[Caption-style text data]
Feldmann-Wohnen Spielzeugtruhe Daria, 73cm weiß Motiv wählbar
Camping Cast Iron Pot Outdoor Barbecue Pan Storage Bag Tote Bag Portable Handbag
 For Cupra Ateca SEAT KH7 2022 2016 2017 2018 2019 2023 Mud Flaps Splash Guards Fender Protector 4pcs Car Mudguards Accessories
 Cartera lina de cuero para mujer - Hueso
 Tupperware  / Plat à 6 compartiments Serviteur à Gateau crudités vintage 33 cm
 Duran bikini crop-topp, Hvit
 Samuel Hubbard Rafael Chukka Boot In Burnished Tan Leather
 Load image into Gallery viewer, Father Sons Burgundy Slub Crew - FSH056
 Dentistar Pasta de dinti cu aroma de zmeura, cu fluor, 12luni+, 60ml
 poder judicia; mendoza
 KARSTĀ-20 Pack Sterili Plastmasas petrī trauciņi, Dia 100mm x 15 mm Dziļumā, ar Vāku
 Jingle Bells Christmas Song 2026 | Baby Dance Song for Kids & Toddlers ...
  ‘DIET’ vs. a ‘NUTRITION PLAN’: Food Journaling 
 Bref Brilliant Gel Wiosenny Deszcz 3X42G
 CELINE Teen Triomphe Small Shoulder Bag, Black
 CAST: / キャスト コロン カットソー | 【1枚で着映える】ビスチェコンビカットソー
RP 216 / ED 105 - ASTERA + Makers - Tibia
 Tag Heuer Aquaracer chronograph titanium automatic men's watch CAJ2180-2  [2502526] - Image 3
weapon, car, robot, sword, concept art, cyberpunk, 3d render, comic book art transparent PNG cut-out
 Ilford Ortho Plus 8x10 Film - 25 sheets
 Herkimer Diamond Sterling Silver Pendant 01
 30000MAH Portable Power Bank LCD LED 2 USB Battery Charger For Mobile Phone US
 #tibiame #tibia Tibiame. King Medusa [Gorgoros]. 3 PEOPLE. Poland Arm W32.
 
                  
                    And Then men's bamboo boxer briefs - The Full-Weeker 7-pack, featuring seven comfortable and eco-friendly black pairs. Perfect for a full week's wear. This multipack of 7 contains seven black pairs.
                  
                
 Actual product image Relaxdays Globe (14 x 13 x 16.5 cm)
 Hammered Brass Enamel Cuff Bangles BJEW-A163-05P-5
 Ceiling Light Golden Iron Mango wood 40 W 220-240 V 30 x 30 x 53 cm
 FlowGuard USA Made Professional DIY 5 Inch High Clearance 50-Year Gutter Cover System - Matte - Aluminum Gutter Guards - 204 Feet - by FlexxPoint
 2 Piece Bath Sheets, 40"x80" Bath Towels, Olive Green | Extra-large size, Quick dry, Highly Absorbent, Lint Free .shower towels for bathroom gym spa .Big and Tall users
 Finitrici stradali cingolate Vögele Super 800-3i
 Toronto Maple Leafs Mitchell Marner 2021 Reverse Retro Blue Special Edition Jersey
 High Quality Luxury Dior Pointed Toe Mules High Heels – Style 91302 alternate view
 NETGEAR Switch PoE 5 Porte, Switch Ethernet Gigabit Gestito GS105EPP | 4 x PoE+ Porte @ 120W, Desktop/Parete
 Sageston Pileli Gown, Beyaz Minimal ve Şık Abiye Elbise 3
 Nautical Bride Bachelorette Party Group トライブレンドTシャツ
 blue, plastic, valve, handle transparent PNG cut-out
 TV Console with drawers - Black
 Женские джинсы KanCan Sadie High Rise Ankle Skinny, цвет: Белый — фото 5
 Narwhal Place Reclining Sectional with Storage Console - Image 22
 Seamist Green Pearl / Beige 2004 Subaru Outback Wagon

About this exercise ::
Lines containing the word "Storage" are to be pulled from the records and copied.

Answer area ::
Camping Cast Iron Pot Outdoor Barbecue Pan Storage Bag Tote Bag Portable Handbag
 Narwhal Place Reclining Sectional with Storage Console - Image 22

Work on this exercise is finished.